C'est un des récits les plus connus du chroniqueur Jean Froissart : la scène se passe à Calais en 1347 ; une lourde sentence du roi anglais Edouard III pèse sur la ville. Alors six bourgeois se dévouent ; ils vont, pieds nus et corde au cou, trouver le vainqueur pour subir la mort. Mais la reine Philippa se jette aux pieds de son époux et sauve les pauvres bourgeois. Ce récit inlassablement repris par toutes les histoires de France a légitimement ému des générations de petits écoliers. Et encore aujourd'hui, le célèbre groupe des bourgeois de Calais dû à Rodin témoigne de son exceptionnel retentissement.

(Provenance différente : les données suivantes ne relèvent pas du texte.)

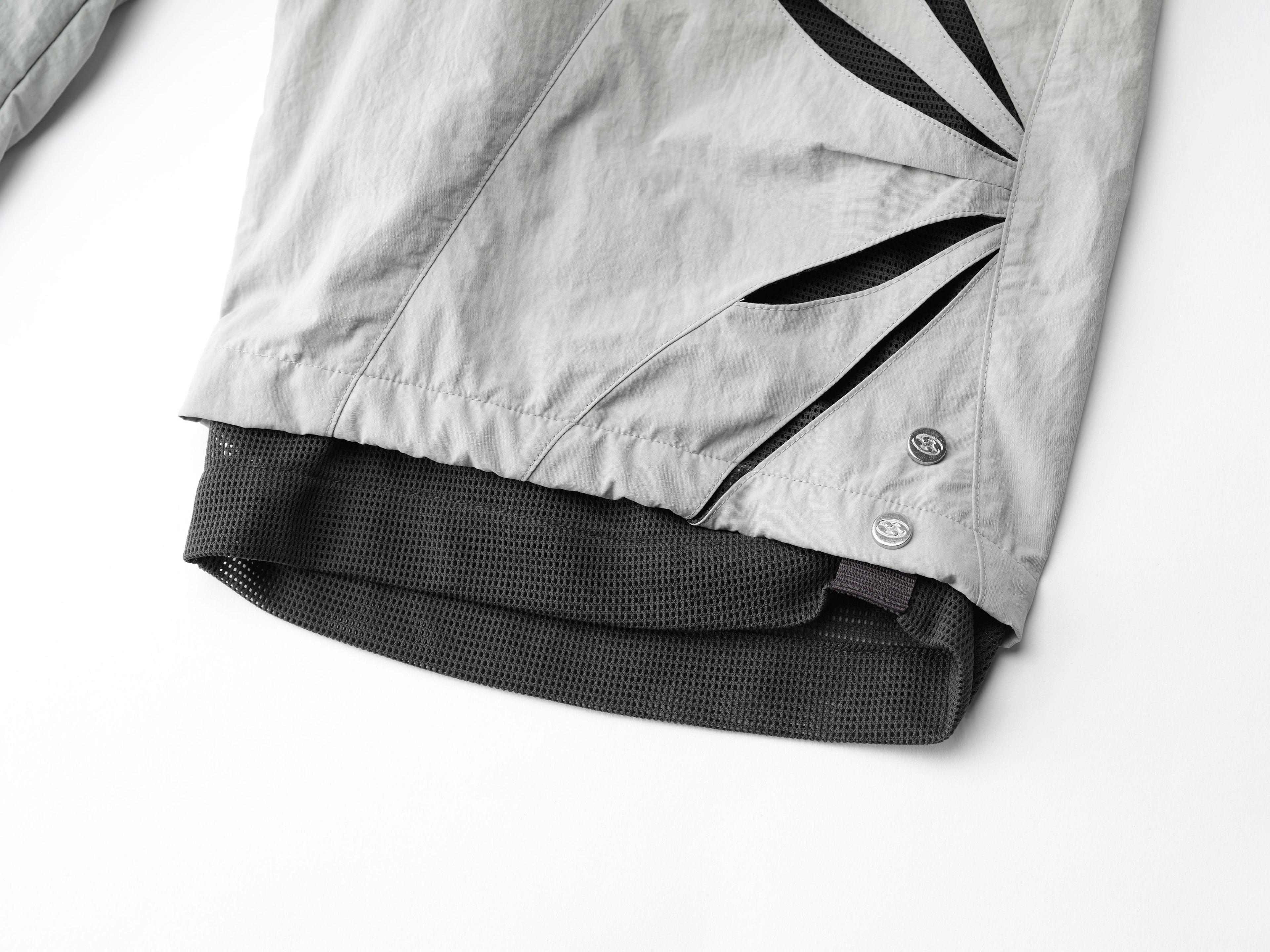 San San Gear - Cut Off Mesh Shorts (Grey) product image 7 | TRAB K-Fashion Australia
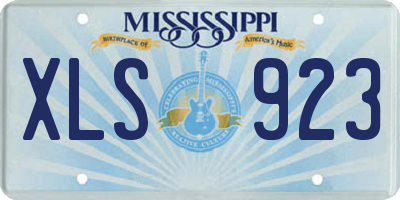 MS license plate XLS923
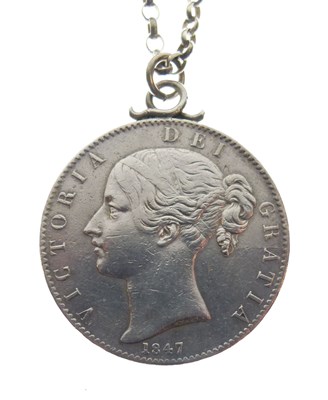 Lot 155 - Victorian silver crown, 1847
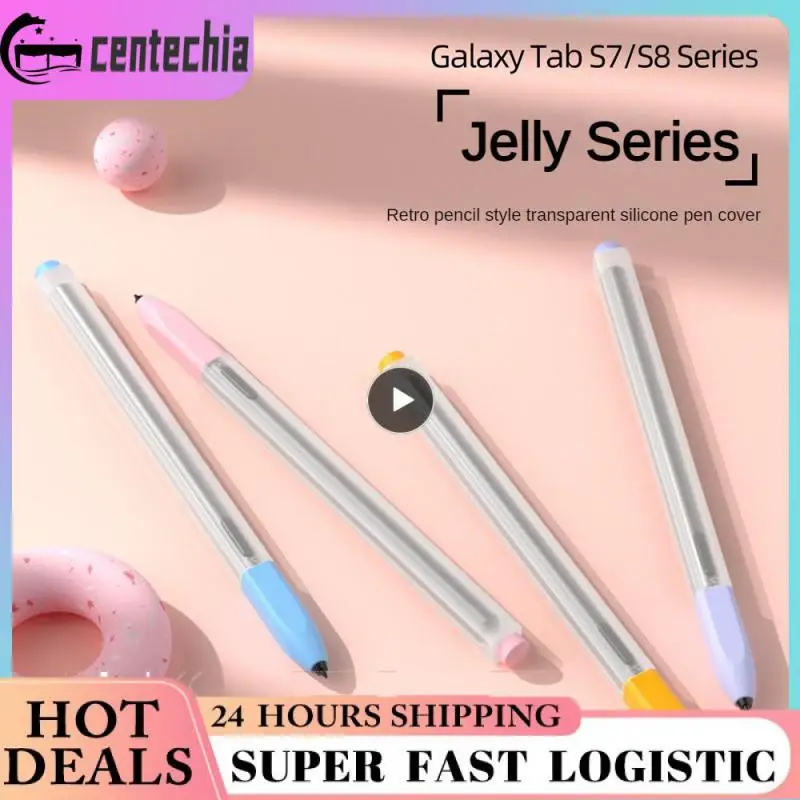 Shape Pen Set Solid Color Protective Sleeve Fresh Color Matching Touch Pen Cover All-inclusive Protection Stylus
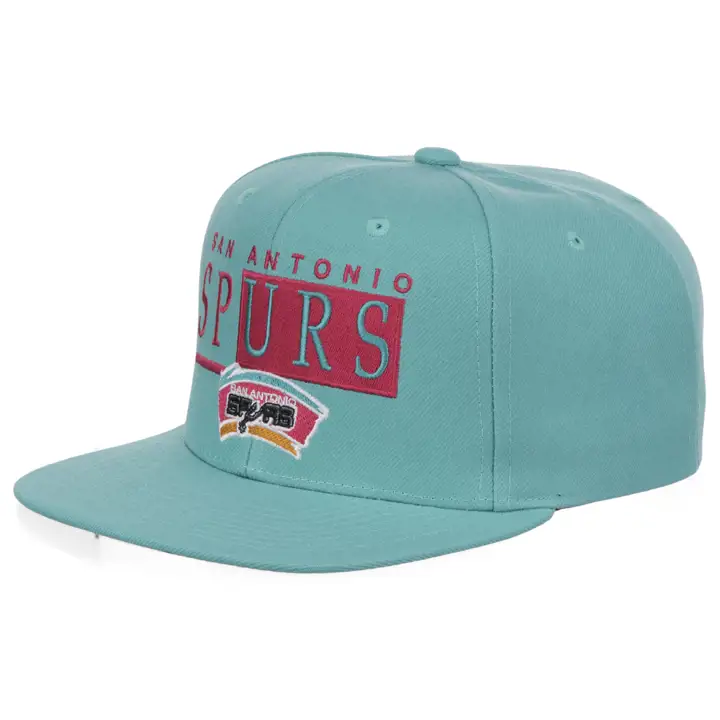 Casquette ajustable San Antonio Spurs NBA Word Block noir/noir/gris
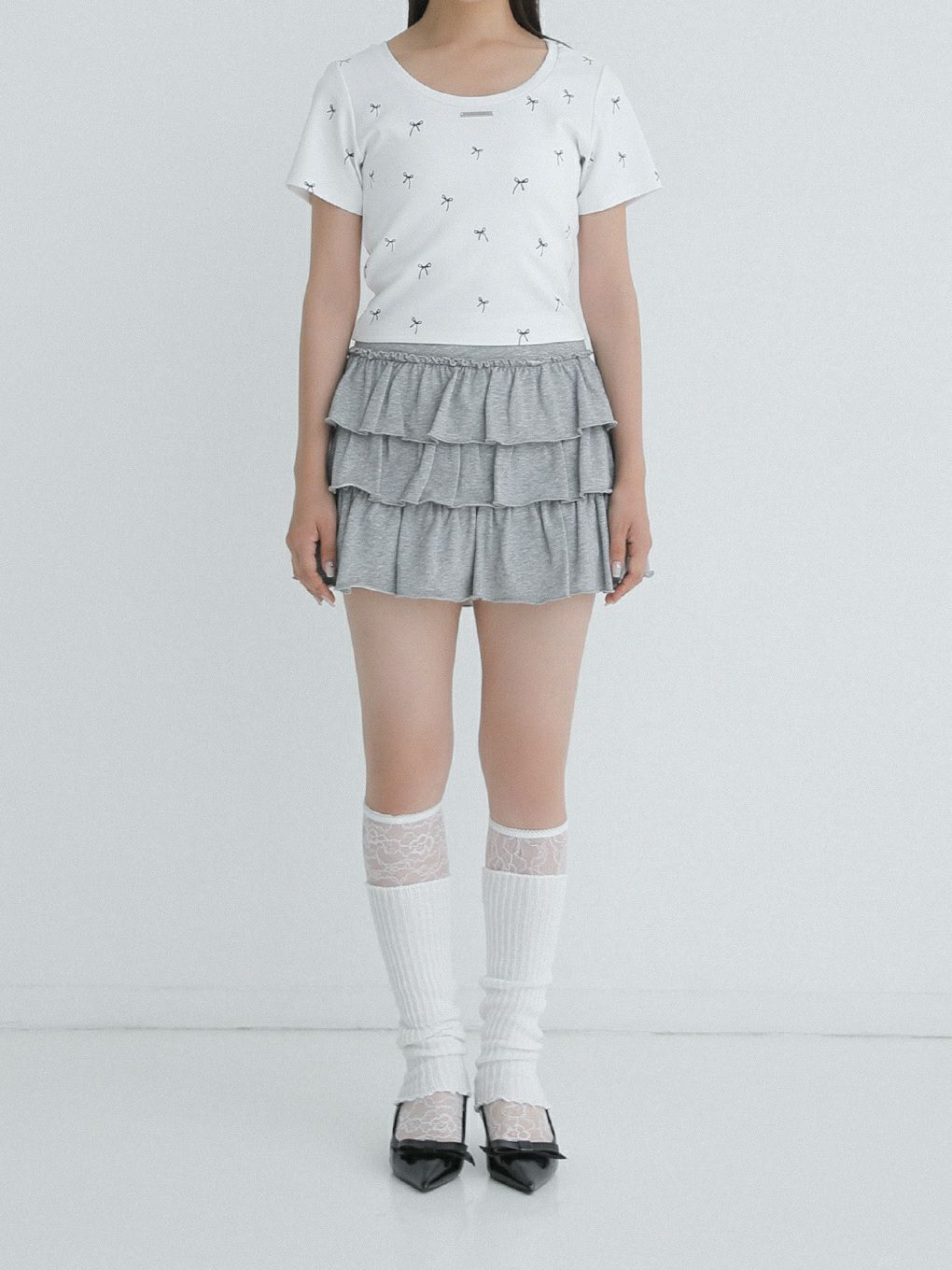 【BUBBLES】リボンパターンミニTEE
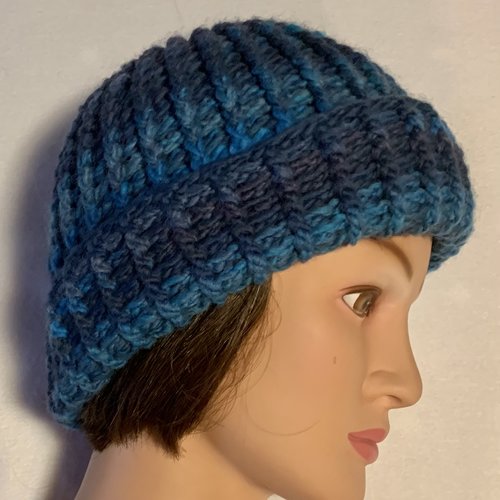 Bonnet bleu , bonnet adulte, bonnet, chapeau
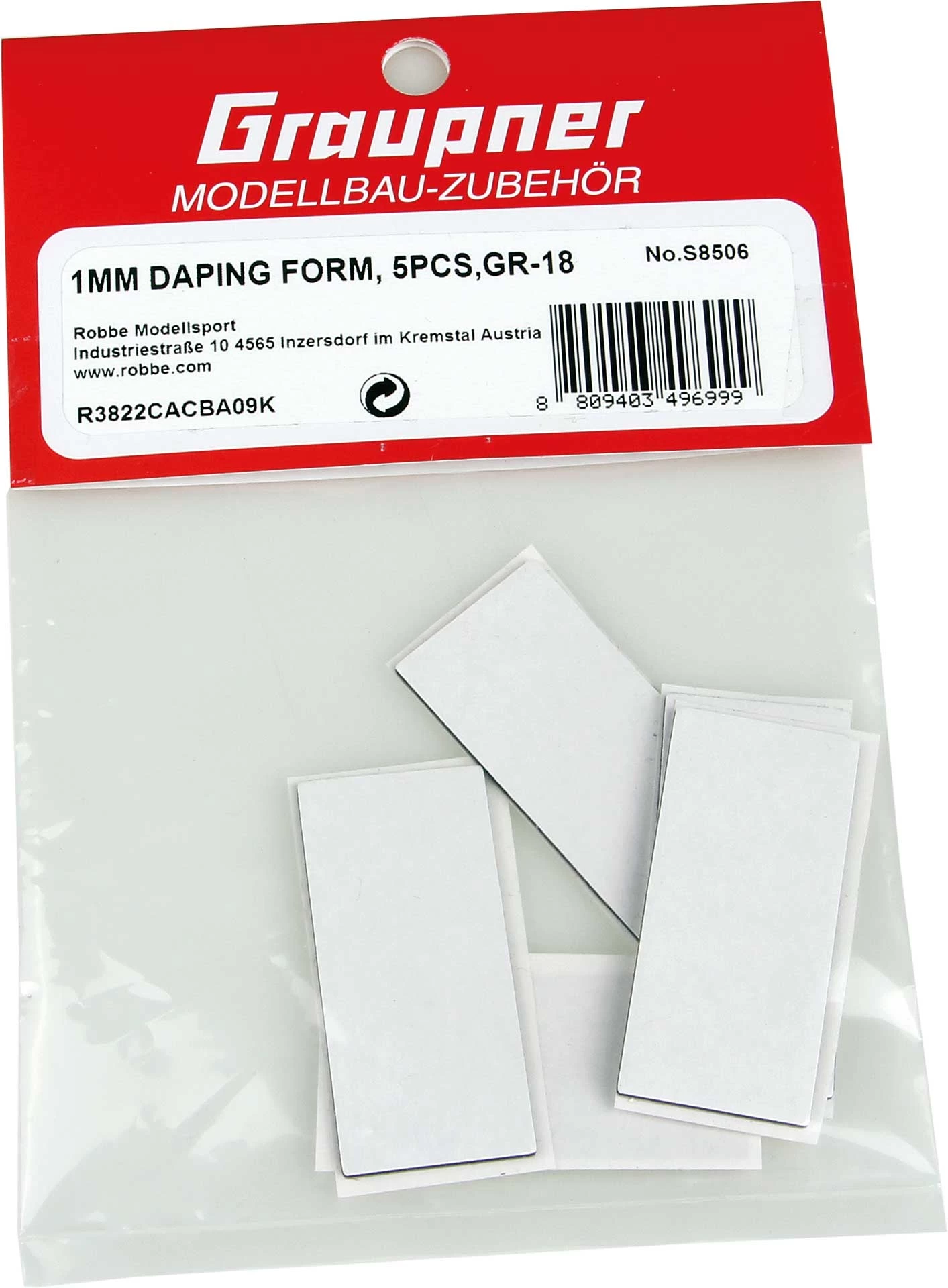 GRAUPNER Doppelklebeband 1mm Dämpfend 5Stk. 45x21mm GR-18.... 4 GRAUPNER Doppelklebeband 1mm Dämpfend 5Stk. 45x21mm GR-18.... - Image 4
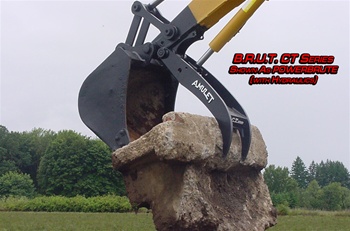 Amulet POWERBRUTE Hydraulic Bucket Thumb for 30 Ton Excavators
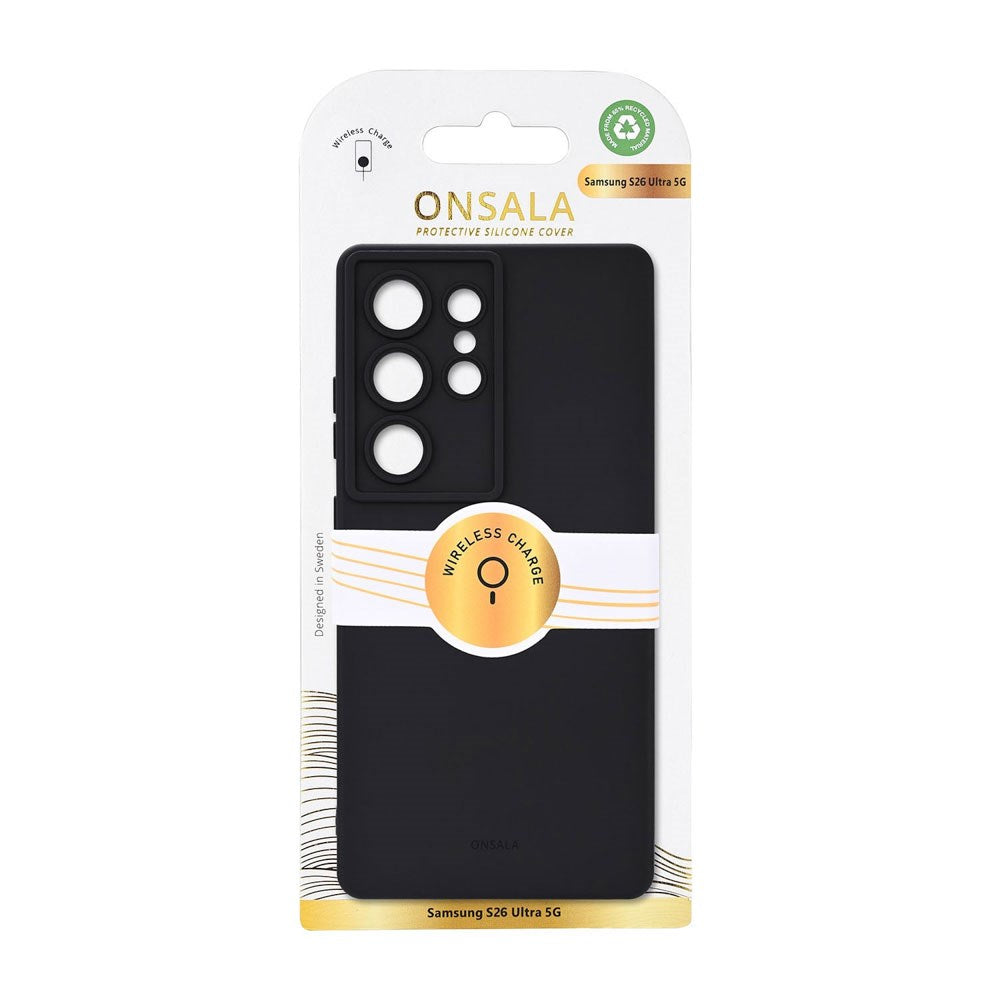 Samsung Galaxy S26 Ultra Onsala Silikon Skal - MagSafe Kompatibel - Black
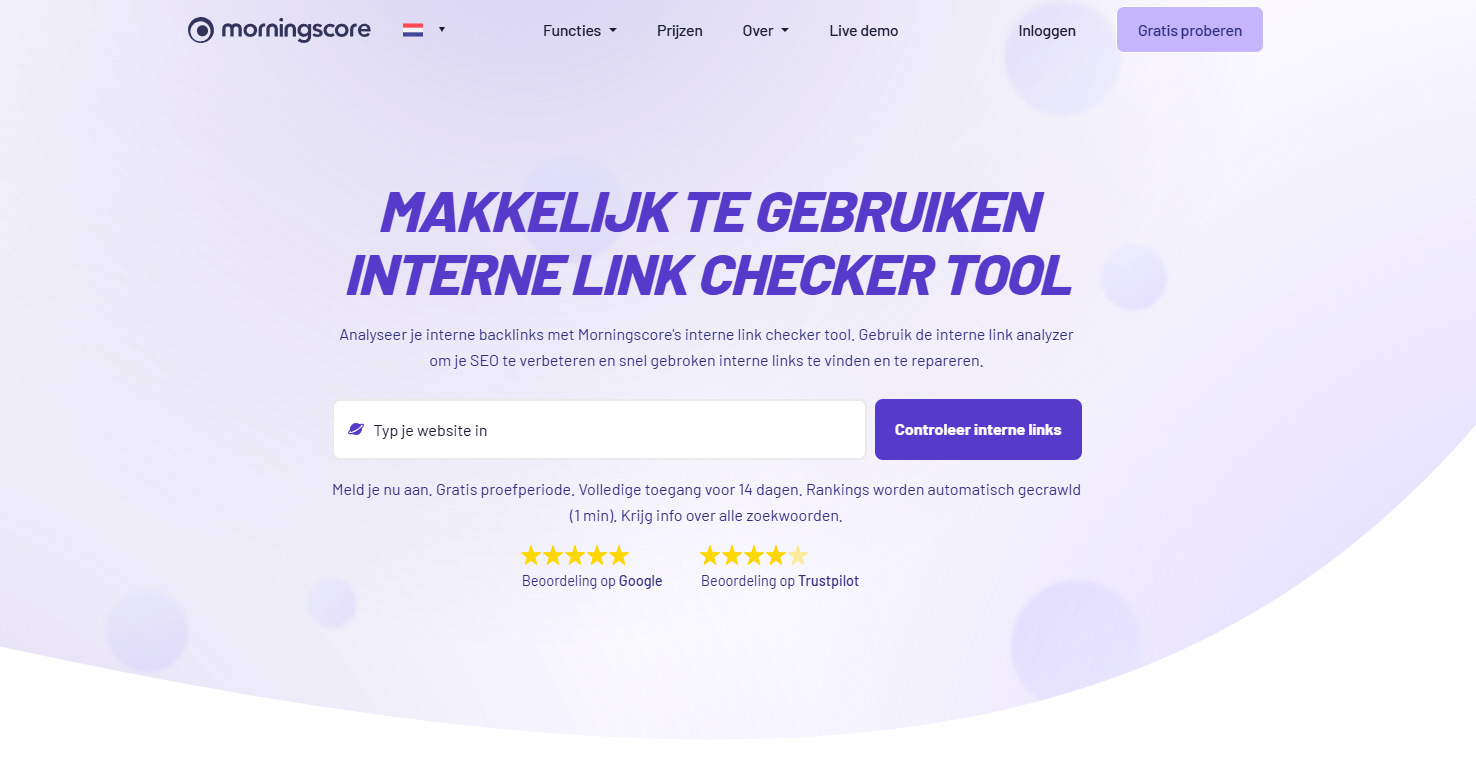 Interne link checker tool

Or ce récit est un faux. On y trouve travesti en acte d'héroïsme sublime un rituel de capitulation classique. Jean-Marie Moeglin en fait la démonstration et rouvre le dossier des bourgeois de Calais sous un jour entièrement neuf : il montre comment Froissart et avant lui son modèle Jean le Bel ont inventé de toutes pièces une sorte d'héroïsme bourgeois ; il retrace l'histoire d'un rituel de concession de la grâce qui eut une importance majeure dans les sociétés médiévales ; enfin, par l'analyse des avatars de ce mythe à travers les siècles, il donne à la constitution d'un épisode de la guerre de Cent Ans en grand événement de l'histoire de France son épistémologie historique.
La crise récente de l'histoire événementielle a nui au prestige des bourgeois de Calais ; il était temps de les redécouvrir. C'est ce «lieu de mémoire» que le livre invite à revisiter.